Your task is to repeat exactly the lines from the one with "Tiny photo for" through the end of the records, both included; please leave the pictures out.
---------------
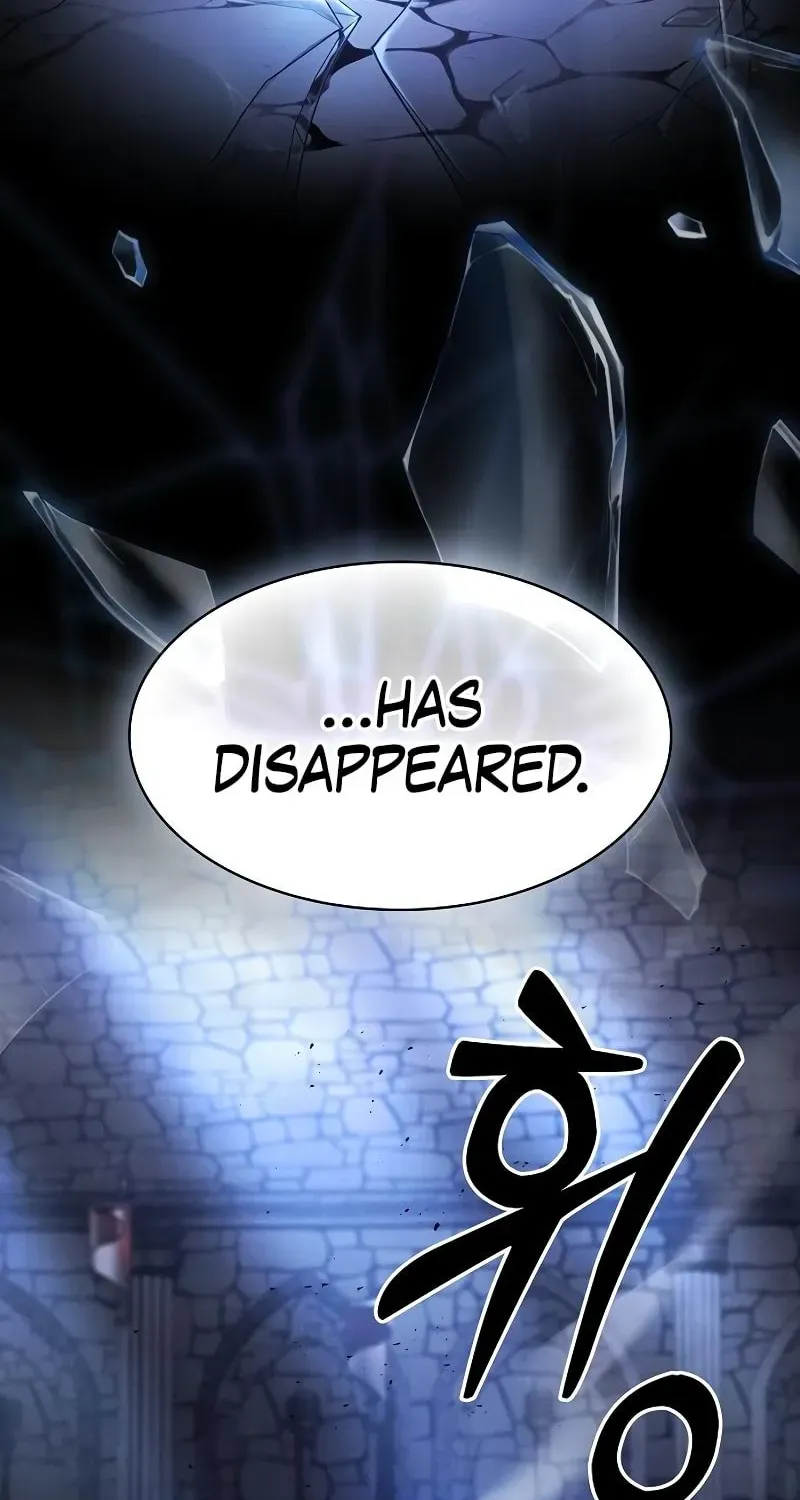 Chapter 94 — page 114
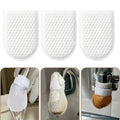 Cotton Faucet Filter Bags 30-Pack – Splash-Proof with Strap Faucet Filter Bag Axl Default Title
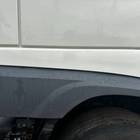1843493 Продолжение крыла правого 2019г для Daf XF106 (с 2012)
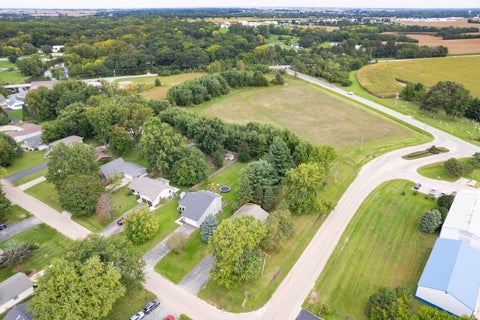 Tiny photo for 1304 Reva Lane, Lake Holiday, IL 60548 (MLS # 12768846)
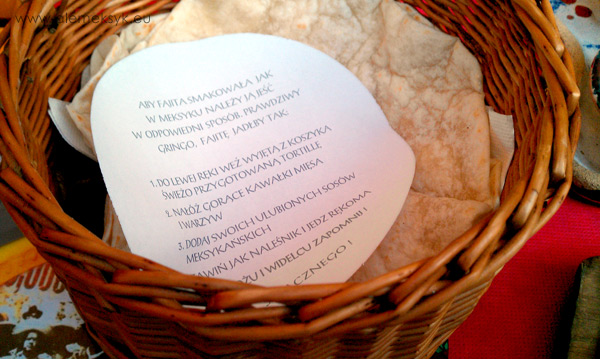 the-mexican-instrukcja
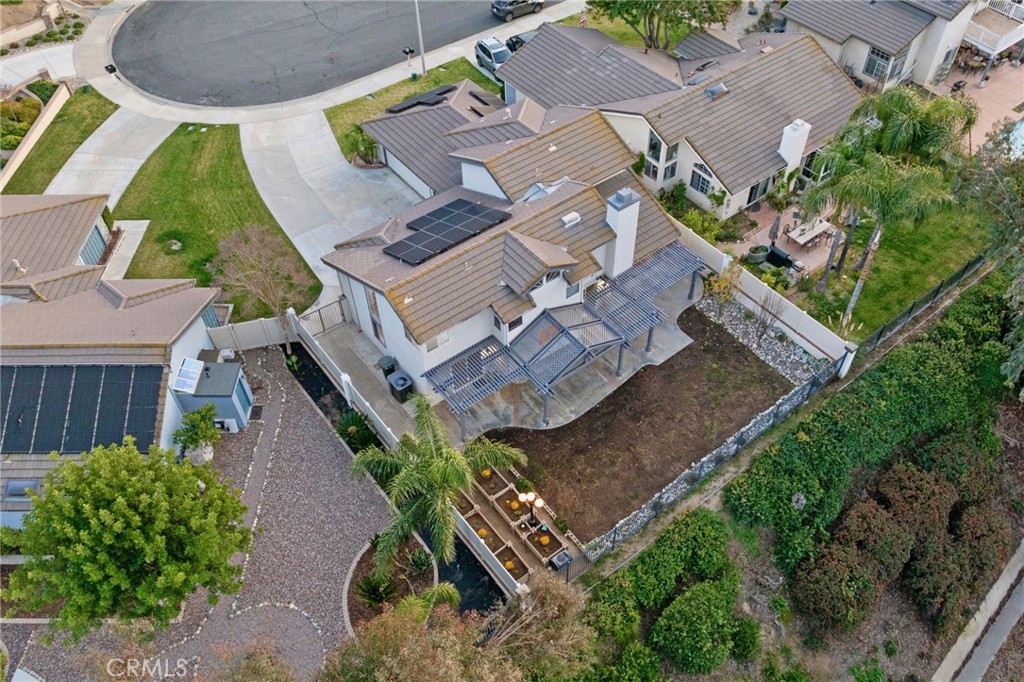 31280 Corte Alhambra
---------------
Worked solution ::
 Tiny photo for 1304 Reva Lane, Lake Holiday, IL 60548 (MLS # 12768846)
 the-mexican-instrukcja
 31280 Corte Alhambra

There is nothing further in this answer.